- Theatrical release poster
- Directed by: Deepa Mehta
- Written by: Deepa Mehta
- Produced by: Deepa Mehta
- Starring: Rahul Khanna Lisa Ray Moushumi Chatterjee
- Cinematography: Douglas Koch
- Edited by: Barry Farrell
- Music by: Sandeep Chowta
- Production company: IDream Productions
- Distributed by: Mongrel Media
- Release date: 25 October 2002 (Canada);
- Running time: 105 minutes
- Country: Canada
- Languages: English; Hindi;

= Bollywood/Hollywood =

Canadian romantic comedy drama film

Bollywood/Hollywood is a 2002 Canadian romantic comedy drama film directed by Deepa Mehta and starring Rahul Khanna and Lisa Ray.

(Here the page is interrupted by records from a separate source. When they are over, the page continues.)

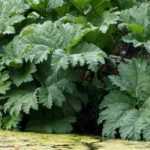 Associate the Gunnera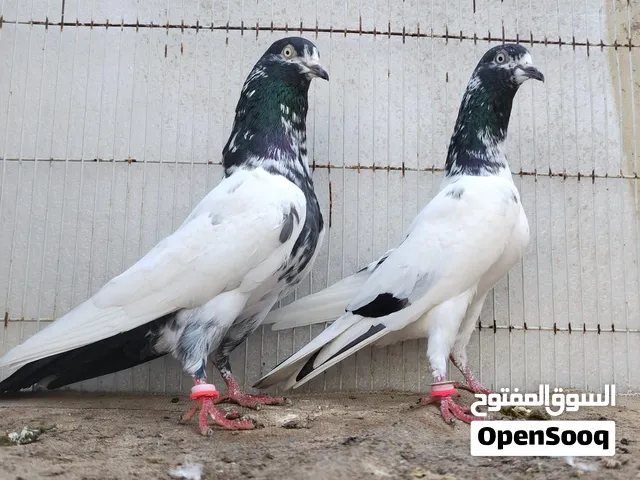 للبيع فقط زوجين زايد انااااث 2الزوج 15 الاناث على10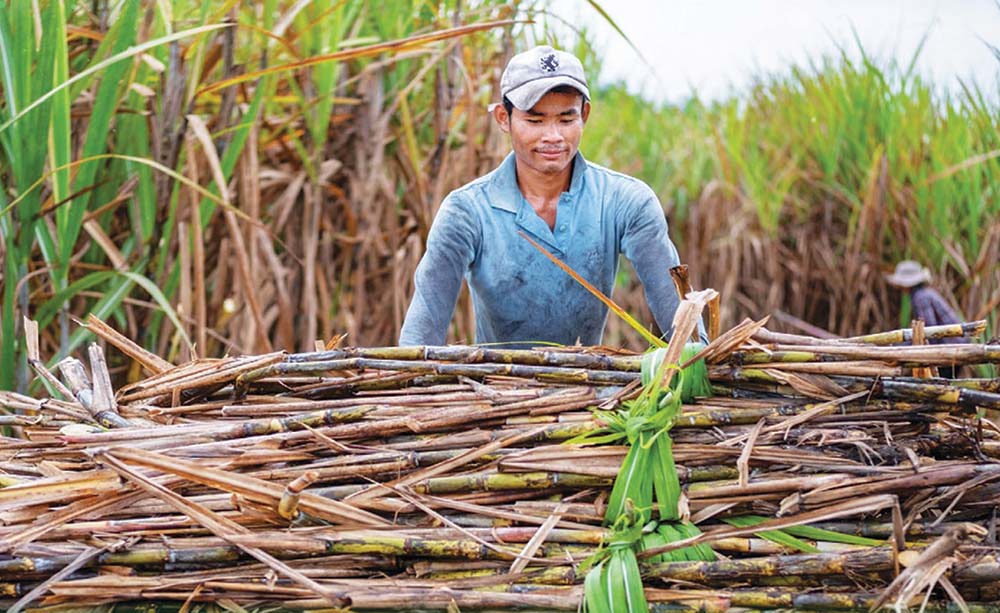 Ảnh minh họa. Nguồn: internet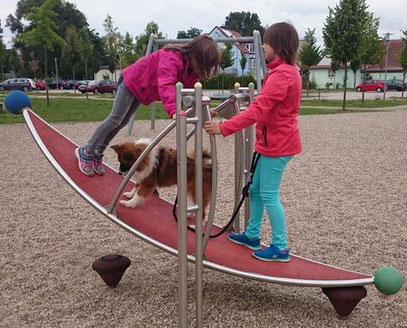 Hund Hunderasse Kind Kinder kinderlieb kindergeeignet 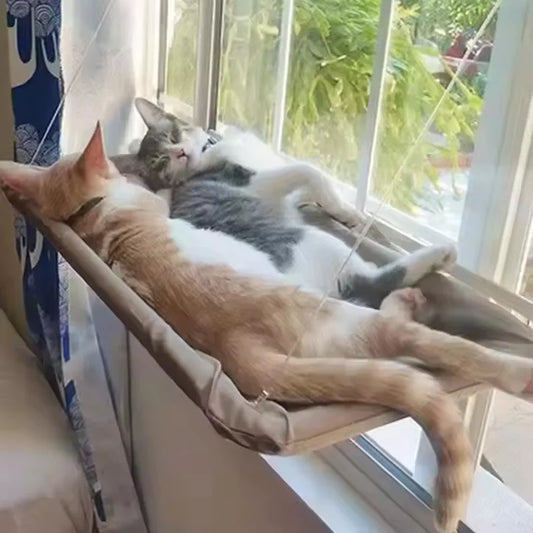 Rede de janela suspensa como poleiro confortável para gatos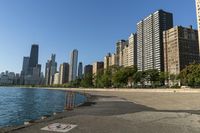 Chicago Cityscape: Downtown with a Clear Sky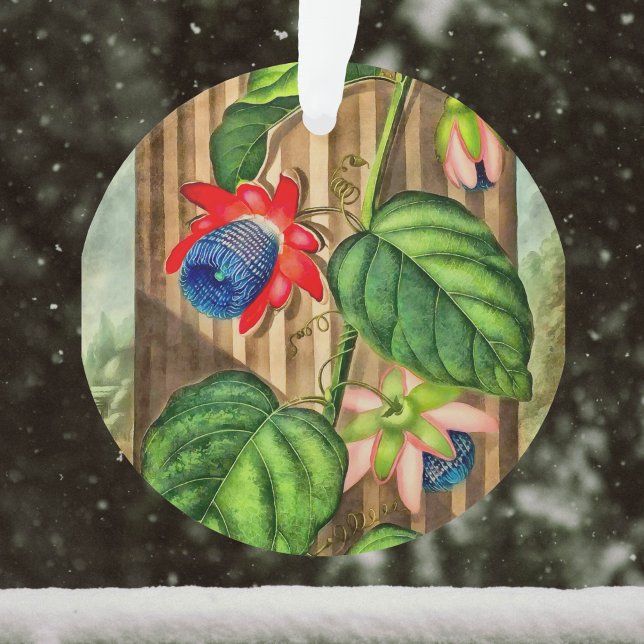 Winged Passion-Flower Temple of Flora - Christmas Ornament (Creator Uploaded)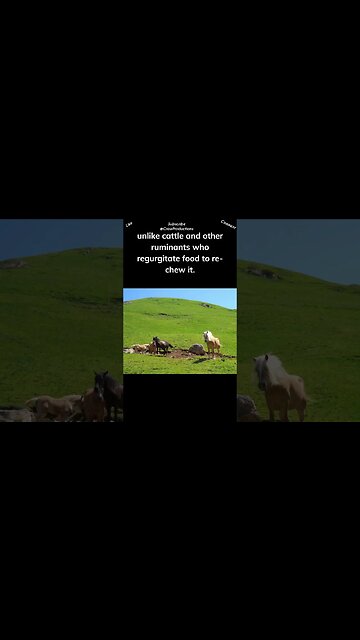 Horses Can't Burp #horse #shorts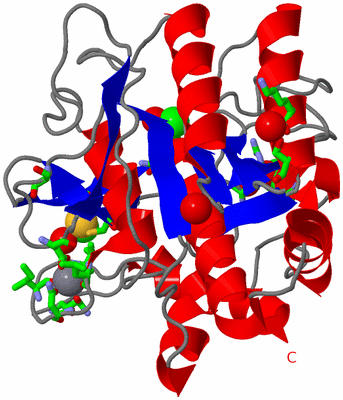 Image Asym./Biol. Unit - sites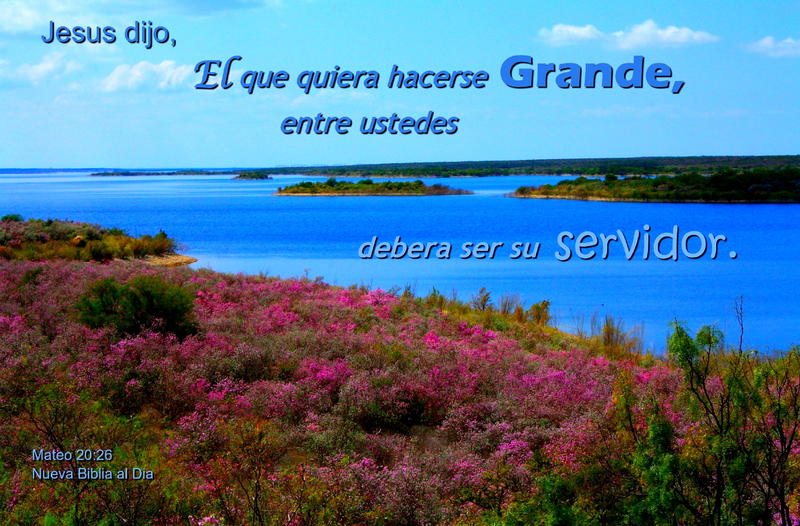 <p>Cenisa in bloom along Lake Amistad shoreline</p>
Cenisa in bloom along Lake Amistad shoreline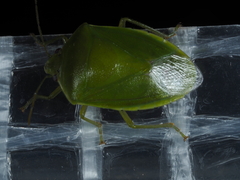 Glaucias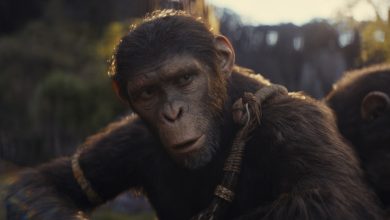What Noa From Kingdom Of The Planet Of The Apes Looks Like In Real Life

The film pokes fun at traditional Indian stereotypes, as well as at Indian cinema (it features several Indian film-style song-and-dance numbers). Akshaye Khanna - a brother of Rahul - makes a cameo appearance in the film.

==Plot==
Rahul Seth, a wealthy young Indian-Canadian, is pressured by his widowed mother to marry a “proper” Indian girl before his pregnant sister Twinky can wed her fiancé Bobby. Still grieving the accidental death of his white pop-singer girlfriend Kimberly, Rahul reluctantly agrees, especially since his mother threatens to halt Twinky’s marriage to protect the family’s reputation. At a bar, he meets Sue, a woman he mistakes for a Spanish escort, and hires her to act as his Indian fiancée to satisfy his mother’s wishes.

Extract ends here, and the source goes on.